→ **Aim of the task**
For this exercise, output the entries below exactly from the line that holds "Panasonic TYWL20E User Manual | Page 36 / 42" to the line that holds "Rootz Bart Table", both ends included. No pictures belong in the copy.

→ **Source material**
⟨

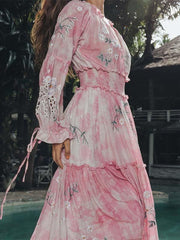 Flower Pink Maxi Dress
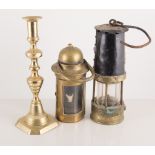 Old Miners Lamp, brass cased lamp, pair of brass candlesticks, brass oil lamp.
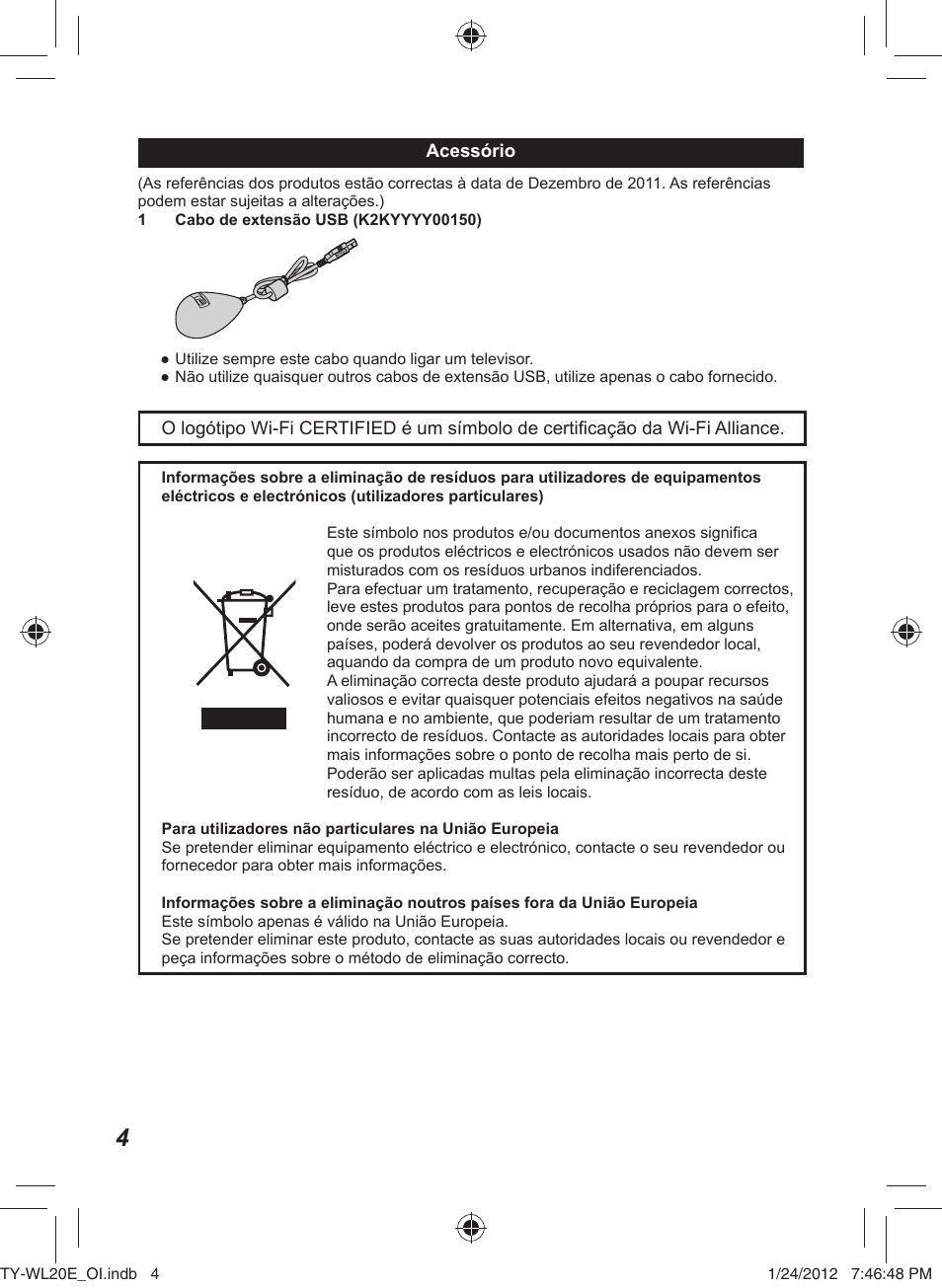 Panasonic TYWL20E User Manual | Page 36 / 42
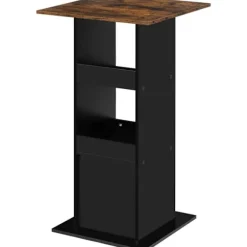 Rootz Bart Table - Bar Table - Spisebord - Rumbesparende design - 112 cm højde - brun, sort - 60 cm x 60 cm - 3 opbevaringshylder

⟩
⟨

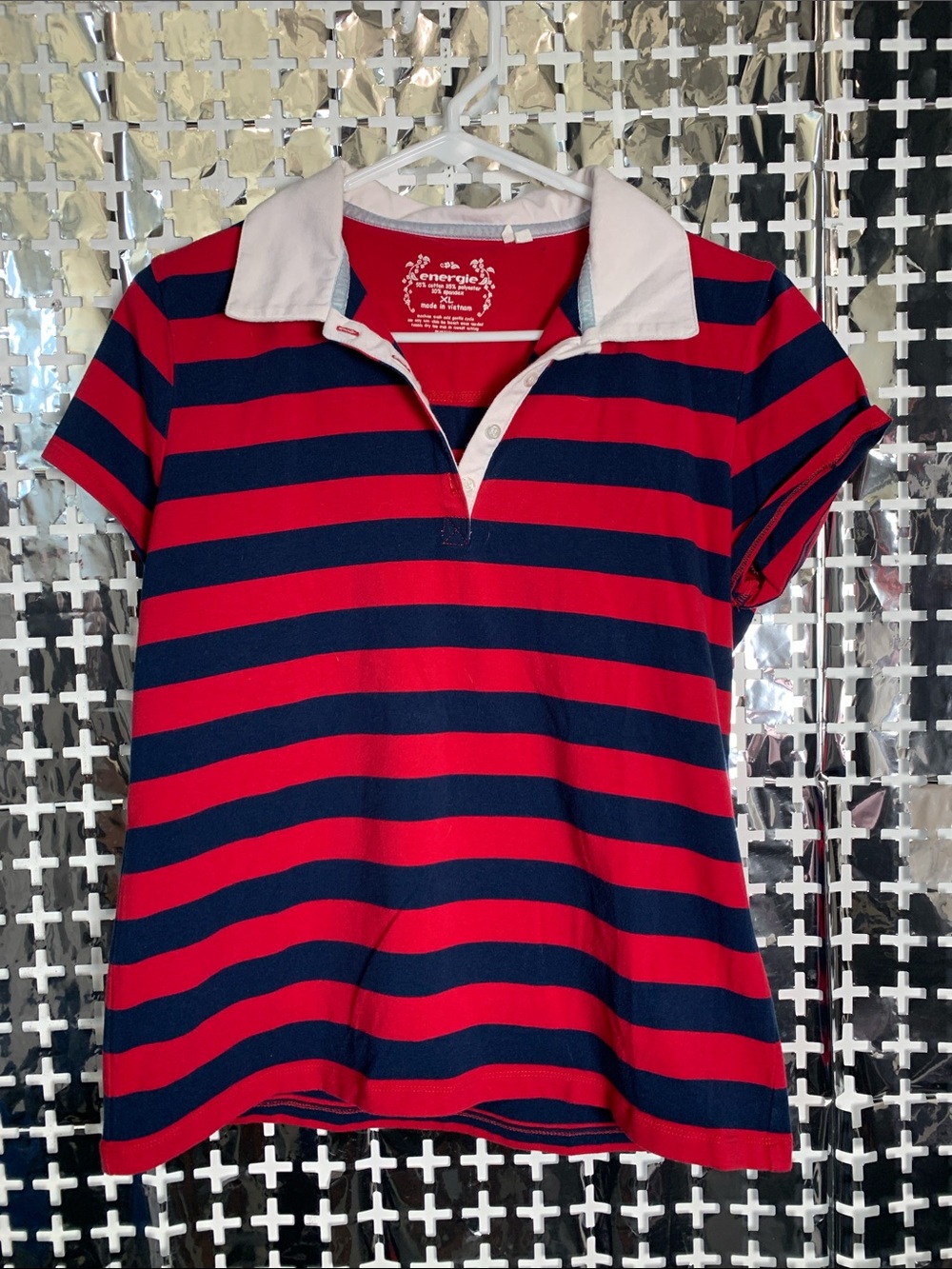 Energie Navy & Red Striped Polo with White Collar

⟩
⟨

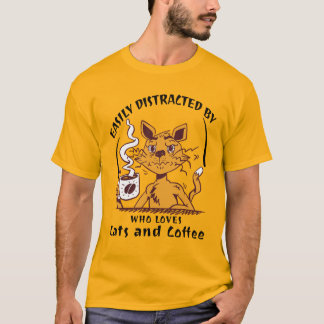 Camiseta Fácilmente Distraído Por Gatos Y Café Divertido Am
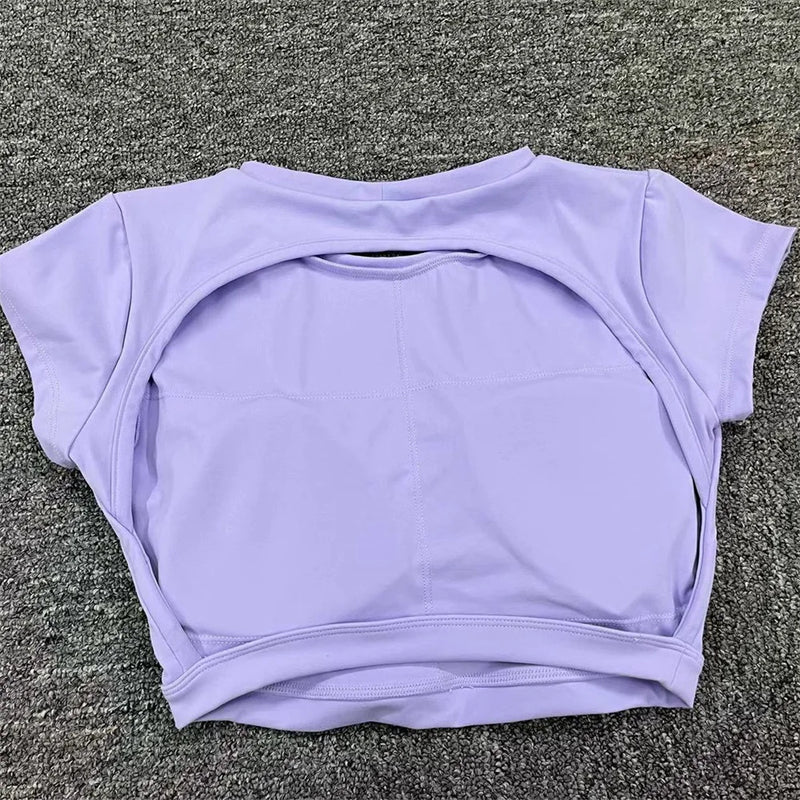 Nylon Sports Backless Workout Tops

⟩

→ **Result**
 Panasonic TYWL20E User Manual | Page 36 / 42
 Rootz Bart Table - Bar Table - Spisebord - Rumbesparende design - 112 cm højde - brun, sort - 60 cm x 60 cm - 3 opbevaringshylder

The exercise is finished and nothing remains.